__WHAT NEEDS TO BE DONE__
Return the data below in full. Keep each character unchanged.

Excerpts from a dataset:
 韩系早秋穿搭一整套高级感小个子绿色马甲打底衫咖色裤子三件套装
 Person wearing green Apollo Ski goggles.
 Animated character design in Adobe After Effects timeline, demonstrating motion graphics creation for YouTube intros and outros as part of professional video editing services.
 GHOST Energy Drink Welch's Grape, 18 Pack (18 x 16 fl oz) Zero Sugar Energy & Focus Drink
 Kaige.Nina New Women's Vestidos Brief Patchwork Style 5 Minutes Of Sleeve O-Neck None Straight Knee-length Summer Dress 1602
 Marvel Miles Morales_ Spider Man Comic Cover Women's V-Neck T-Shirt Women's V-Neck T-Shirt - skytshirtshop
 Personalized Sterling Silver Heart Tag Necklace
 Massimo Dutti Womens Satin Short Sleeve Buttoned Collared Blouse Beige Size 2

__OUTPUT__
 韩系早秋穿搭一整套高级感小个子绿色马甲打底衫咖色裤子三件套装
 Person wearing green Apollo Ski goggles.
 Animated character design in Adobe After Effects timeline, demonstrating motion graphics creation for YouTube intros and outros as part of professional video editing services.
 GHOST Energy Drink Welch's Grape, 18 Pack (18 x 16 fl oz) Zero Sugar Energy & Focus Drink
 Kaige.Nina New Women's Vestidos Brief Patchwork Style 5 Minutes Of Sleeve O-Neck None Straight Knee-length Summer Dress 1602
 Marvel Miles Morales_ Spider Man Comic Cover Women's V-Neck T-Shirt Women's V-Neck T-Shirt - skytshirtshop
 Personalized Sterling Silver Heart Tag Necklace
 Massimo Dutti Womens Satin Short Sleeve Buttoned Collared Blouse Beige Size 2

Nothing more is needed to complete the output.